La Russa, anzi i La Russa, ancora loro. Ignazio, certo, vicepresidente del Senato e braccio destro di Giorgia Meloni in Fratelli d’Italia, ma non solo. L’imminente ingresso nella Giunta regionale lombarda, come assessore alla Sicurezza, di Romano La Russa, pronto a prendere il posto di Riccardo De Corato, che è candidato alle elezioni politiche, riporta al centro dell’attenzione una delle dinastie più longeve della politica italiana.
Tutto ha inizio con Antonino La Russa, già segretario politico del Partito Nazionale Fascista di Paternò negli anni Quaranta, poi senatore del Movimento sociale italiano nel Dopoguerra. Siciliano, avvocato, “principe del Foro’’ prima nel Tribunale di Milano e poi in quello di Catania, il capostipite Antonino ha avuto quattro figli: Vincenzo, Ignazio, Emilia e Romano. Il più noto, certo, è Ignazio La Russa, avvocato e politico come il padre, una vita a destra, nel Msi e in Alleanza nazionale prima, nel Pdl poi e, infine, in FdI, già ministro della Difesa nel Governo Berlusconi IV. «Eh sì, in casa abbiamo sempre respirato aria di politica e di diritto – aveva raccontato Ignazio, nel 1994, quando era vicepresidente della Camera e An sosteneva il primo Governo Berlusconi, a Stefano Di Michele e Alessandro Galiani, autori del libro “Mal di Destra” –. Avevo undici anni e sentivo già la politica nel sangue. Il primo comizio lo feci poco prima di partire per Milano, in un paesino di montagna, sull’Etna. C’erano le amministrative e il Msi si presentava con una lista tipo An, che si chiamava Campanile con stella. Doveva parlare mio padre, che all’ultimo momento si fece sostituire da un suo amico avvocato. Lui mi prese con sé e mi diede un foglietto, dove c’era scritto un breve saluto che avrei dovuto leggere. Salito sul palco, però, gettai via il foglietto e parlai a braccio. Il discorso me lo ricordo ancora. Cominciava cosi: “Uomini onesti, insieme si sono uniti…” e andò avanti per dieci minuti buoni.

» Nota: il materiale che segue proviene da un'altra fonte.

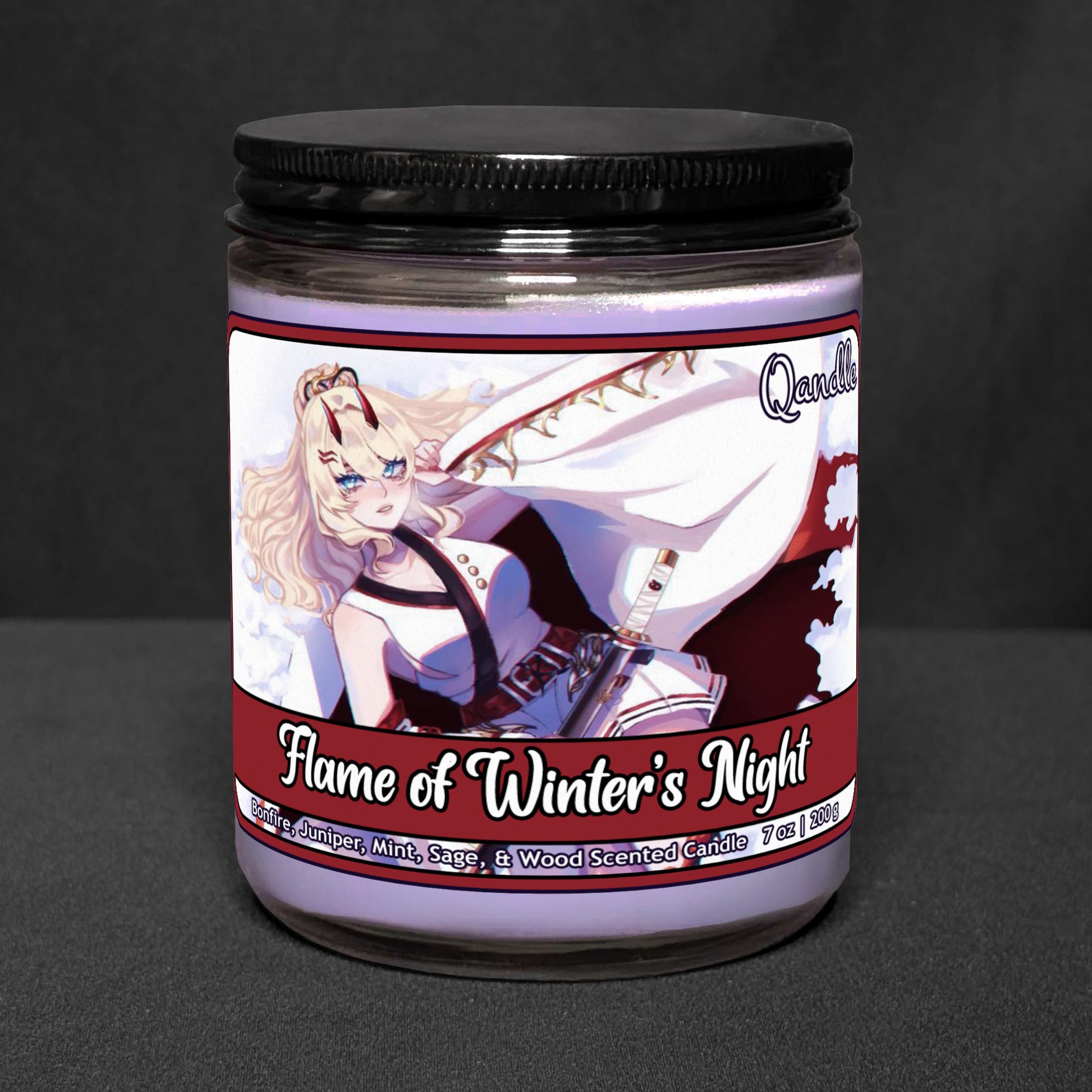 Flame of Winter's Night Candle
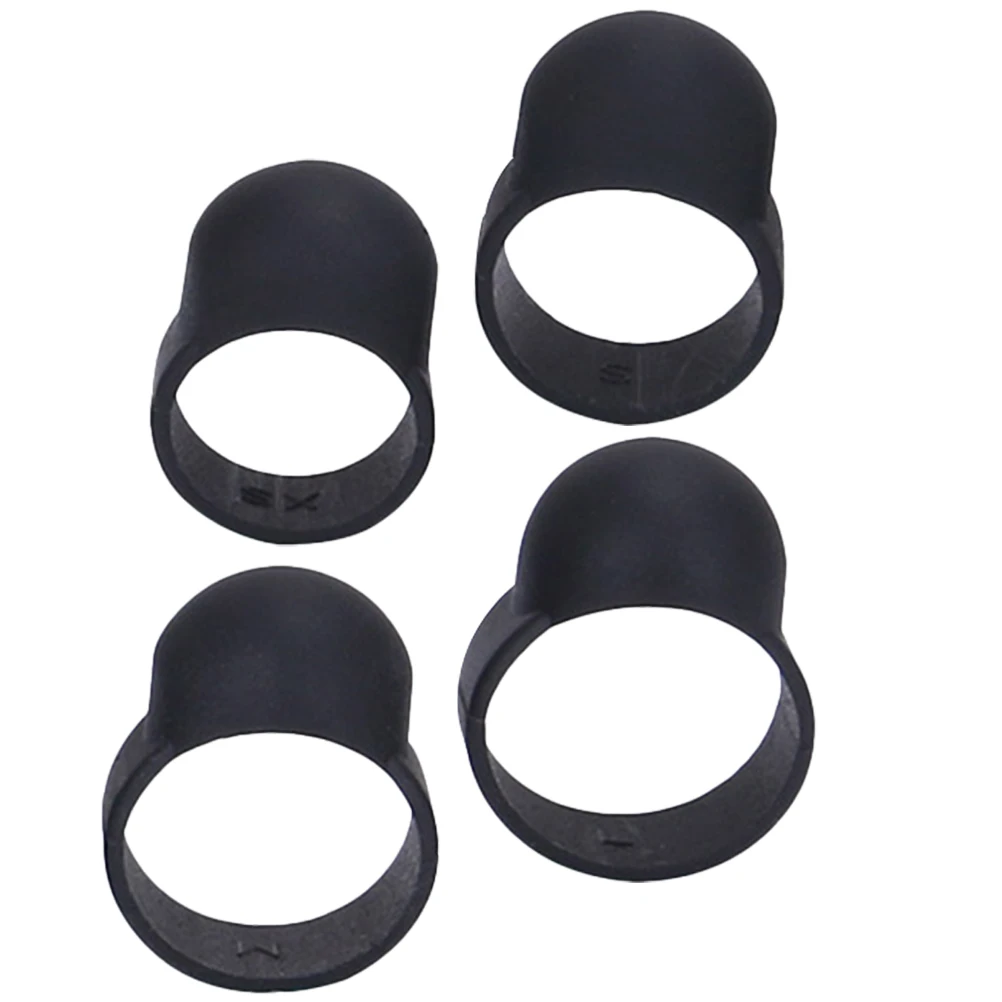 

4 Pcs Ethereal Drum Finger Cots Sleeves Protective Cover Breathable Protectors Pick for Injury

La politica, a destra, come vocazione di famiglia. Con l’eccezione del primogenito di Antonino, Vincenzo, democristiano per tutta la vita, per tre legislature in Parlamento prima con la Dc e poi con il Ccd, «il chierichetto di casa», per stessa definizione del padre. Romano, l’ultimogenito, invece, ha seguito le orme del padre e del fratello Ignazio. Ha iniziato a fare militanza politica quando frequentava il liceo classico milanese Carducci nelle organizzazioni giovanili del Msi: Giovane Italia e poi Fronte della Gioventù, nella “trincea nera’’ di piazza San Babila, duro tra i duri – più del fratello Ignazio, narra la leggenda della destra milanese – negli Anni di Piombo. Romano La Russa arriva alla grande politica negli anni Novanta, da capogruppo di An in Regione Lombardia e poi da europarlamentare. Nel 2008, quando An stava già per confluire nel Pdl, viene nominato assessore regionale all’Industria nella Giunta Formigoni e, dal 2010 al 2012, è assessore alla Sicurezza, la stessa delega di cui potrebbe tornare a occuparsi a breve a Palazzo Lombardia con Attilio Fontana presidente. Dal 2013 in poi, dopo la fondazione di FdI, Romano non ha più ricoperto incarichi elettivi. Nel 2013 si è candidato in Regione ma non è stato eletto, nel 2018 alla Camera ma l’esito è stato ugualmente negativo. La dinastia politica dei La Russa, in ogni caso, potrebbe non fermarsi ad Antonino, Vincenzo, Ignazio e Romano. Ignazio ha tre figli, tutti con secondo nome da eroi nativi americani: Antonino Geronimo è presidente di Automobile Club Milano; Lorenzo Cochis alle Comunali milanesi dello scorso ottobre è stato eletto consigliere del Municipio 1 per FdI; Leonardo Apache è rapper (nome d’arte Laurus) influencer. Romano La Russa, invece, ha cinque figli: Massimiliano, Alberto, Antonino, Clelia e Maria Cristina. Quest’ultima è sposata con Marco Osnato, deputato di FdI dal 2018. La dinastia continua, anche per interposto cognome.